Data section >>

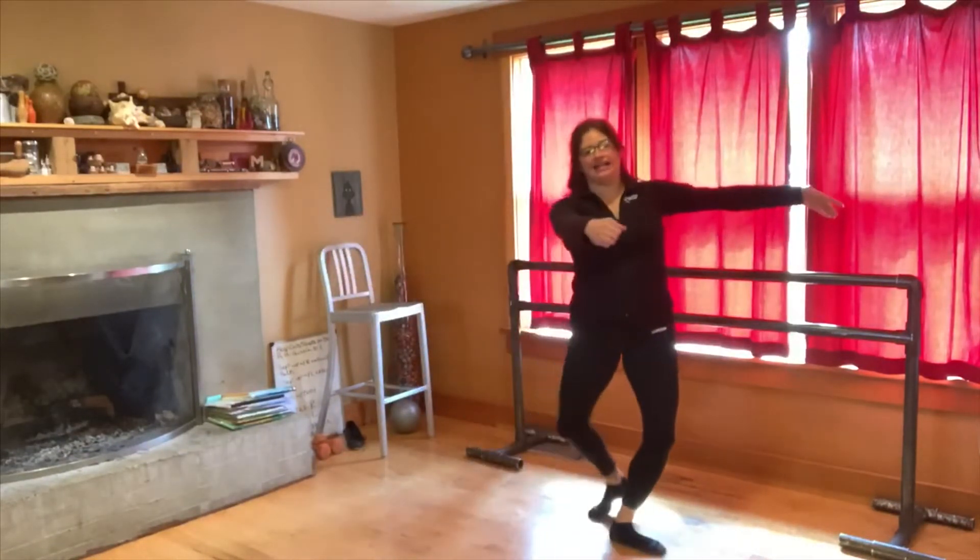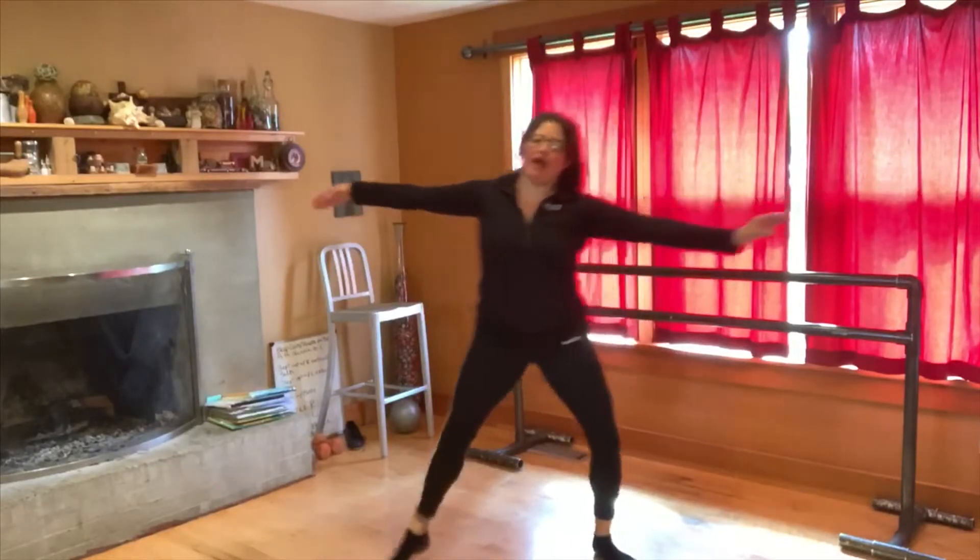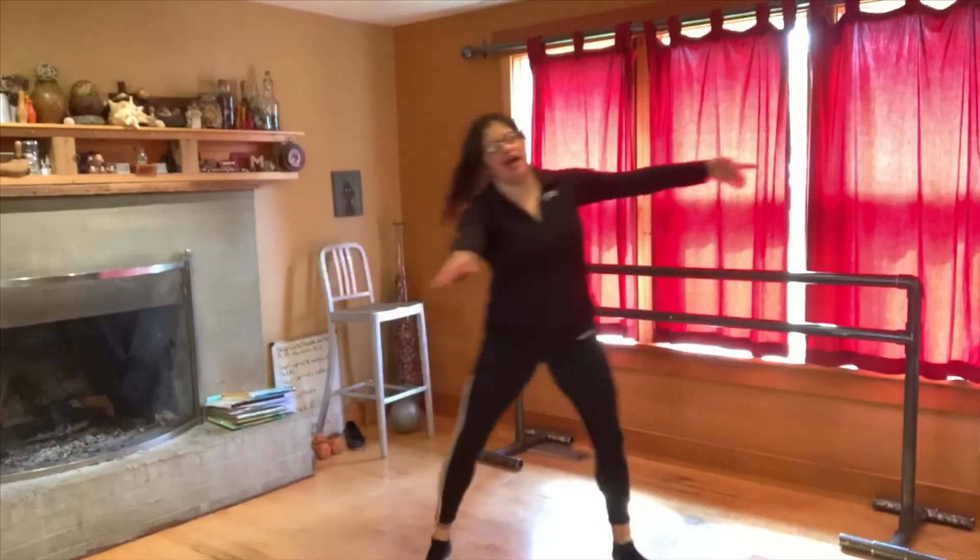Then we balance, starting to the right. We go balance, balance, balance, balance.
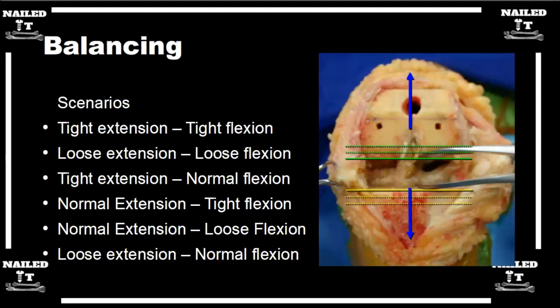You don't want to be loose in flexion. The best test to make sure you're not loose in flexion is to put the knee in a figure-four position. If you have a post, make sure the cam's not jumping the post and make sure the knee's not dislocating. You don't want to leave the OR being super loose in flexion.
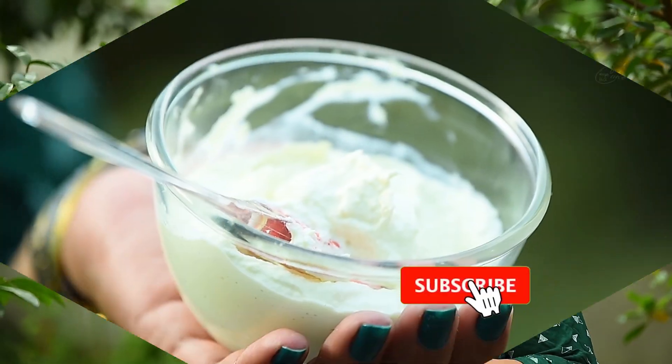Hello Cake Lovers, welcome to this recipe. I'm going to give you a new recipe for the cake.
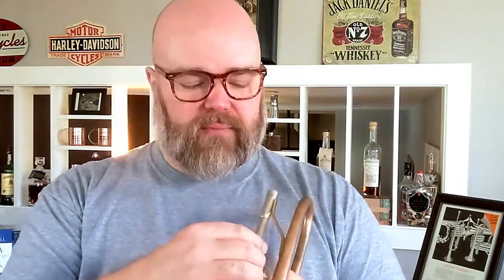You have the MAW valve block from our friends in Germany, which has that open port design. I've got a whole video talking about why you should care about that, so you can certainly check that out.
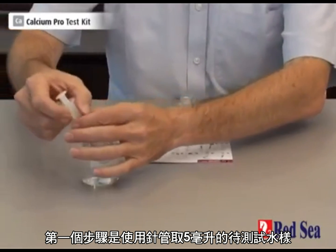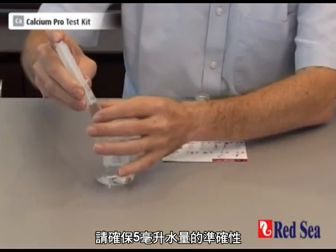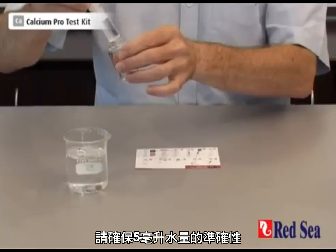Stage 1 is to take 5 ml of the water to be tested. We take that with the syringe, making sure that we are accurate at the 5 ml mark.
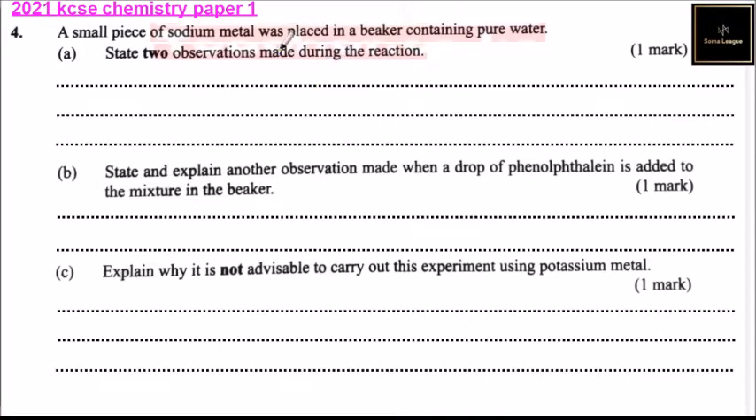Question number four. A small piece of sodium metal was placed in a beaker containing pure water. State two observations made during the reaction. One observation is that the piece of metal floats.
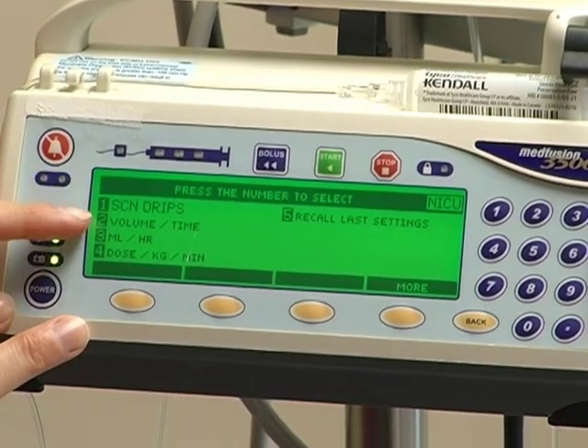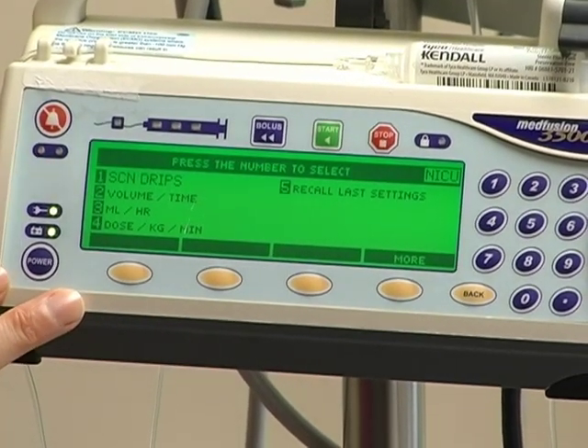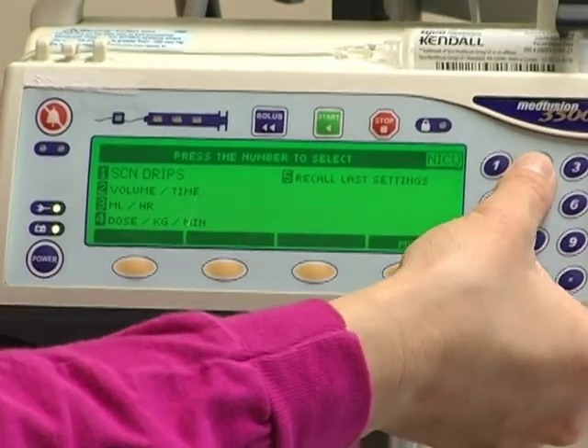So when you decide which option you need — usually here on Pediatrics we use volume over time for delivery of our antibiotics — you just select the number that corresponds with that setting. So you're going to just press 2.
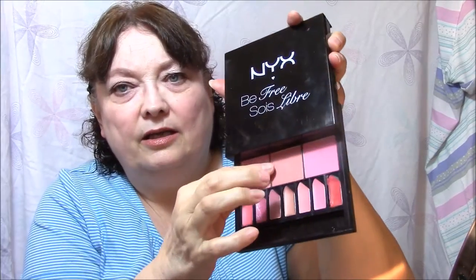For my cheeks, I used the middle one here, which is more of a browny peach. For my lips this week, I'm using the Ulta lipsticks I got in the set. This color is Romance. I'm not sure I'm crazy about this lipstick — it's like a browny nude. I like pinky nudes or mauvey nudes. This is just a little bit too brown for me.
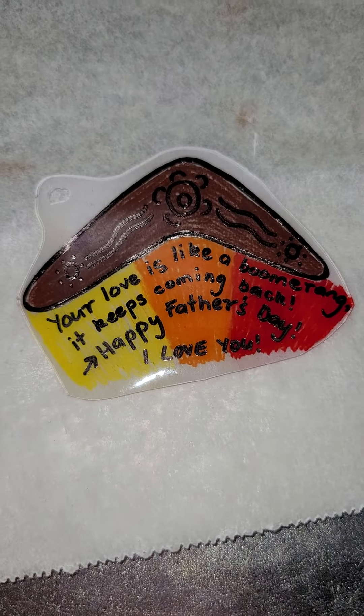And there it is — it's gotten much smaller in size. And if I turn the light on, there you go. 'Your love is like a boomerang, it keeps coming back. Happy Father's Day, I love you.' And we've got a hole here for the key ring, and we've got a nice little design there as well. It's a bit shiny — that's also good.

What to produce >>
Your copy should restate every record word for word and contain no pictures.

Answer area >>
Then we balance, starting to the right. We go balance, balance, balance, balance.
You don't want to be loose in flexion. The best test to make sure you're not loose in flexion is to put the knee in a figure-four position. If you have a post, make sure the cam's not jumping the post and make sure the knee's not dislocating. You don't want to leave the OR being super loose in flexion.
Hello Cake Lovers, welcome to this recipe. I'm going to give you a new recipe for the cake.
You have the MAW valve block from our friends in Germany, which has that open port design. I've got a whole video talking about why you should care about that, so you can certainly check that out.
Stage 1 is to take 5 ml of the water to be tested. We take that with the syringe, making sure that we are accurate at the 5 ml mark.
Question number four. A small piece of sodium metal was placed in a beaker containing pure water. State two observations made during the reaction. One observation is that the piece of metal floats.
So when you decide which option you need — usually here on Pediatrics we use volume over time for delivery of our antibiotics — you just select the number that corresponds with that setting. So you're going to just press 2.
For my cheeks, I used the middle one here, which is more of a browny peach. For my lips this week, I'm using the Ulta lipsticks I got in the set. This color is Romance. I'm not sure I'm crazy about this lipstick — it's like a browny nude. I like pinky nudes or mauvey nudes. This is just a little bit too brown for me.
And there it is — it's gotten much smaller in size. And if I turn the light on, there you go. 'Your love is like a boomerang, it keeps coming back. Happy Father's Day, I love you.' And we've got a hole here for the key ring, and we've got a nice little design there as well. It's a bit shiny — that's also good.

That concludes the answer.